One of the main contributing factors as to why the UK economy is struggling is due to late payments. At the moment almost a quarter of insolvencies (23 per cent) are being caused by late payment issues.
As a result, many businesses are experiencing a myriad of problems due to late payments not being made.
Consequently, this is having a knock-on effect to small and medium-sized enterprises (SMEs), as the loss of income means it is stopping them investing and growing.
In 2012, the Prompt Payment Code was introduced as a potential solution for late payments. This voluntary code requires large companies to pay their suppliers within a maximum of 60 days.
However, only 2,000 companies have signed the Code agreement and if a company does breach the code, there is little enforcement and no financial penalties imposed for a failure to comply.
Since April 2017, the Government has recognised the shortcomings and introduced a requirement that involves companies to report on their payment practice on a half-yearly basis.
While this provides sound data for policymakers, it doesn’t tackle the issue of businesses complying with the code.

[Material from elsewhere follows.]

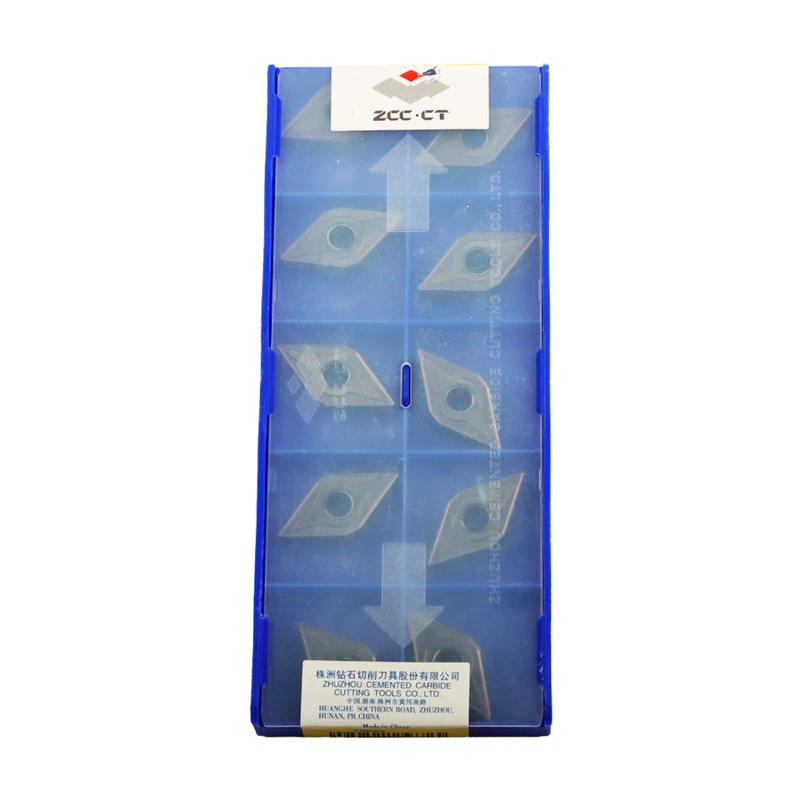 اینسرت زد سی سی مدل DNMG150604-EM کدYBG202بسته 10 عددی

The Associated for Accounting Technicians (AAT) has a strong interest in improving matters, as 60 per cent of its 140,000 members either work for or run their own SME.
AAT has proposed three recommendations to the Department for Business, Energy & Industrial Strategy, these are:
- It should be compulsory for companies with more than 250 staff member to sign and comply with the Prompt Payment Code.
- Payment terms should be halved from a maximum of 60 days to a maximum of 30 days.
- The Small Business Commissioner should introduce and enforce a simple financial penalty regime for companies that are non-compliant.
Because of the diverse and comprehensive backing for AAT’s recommendations for payment reform, it is making it increasingly difficult for the Government to continue to not act upon this growing payment issue.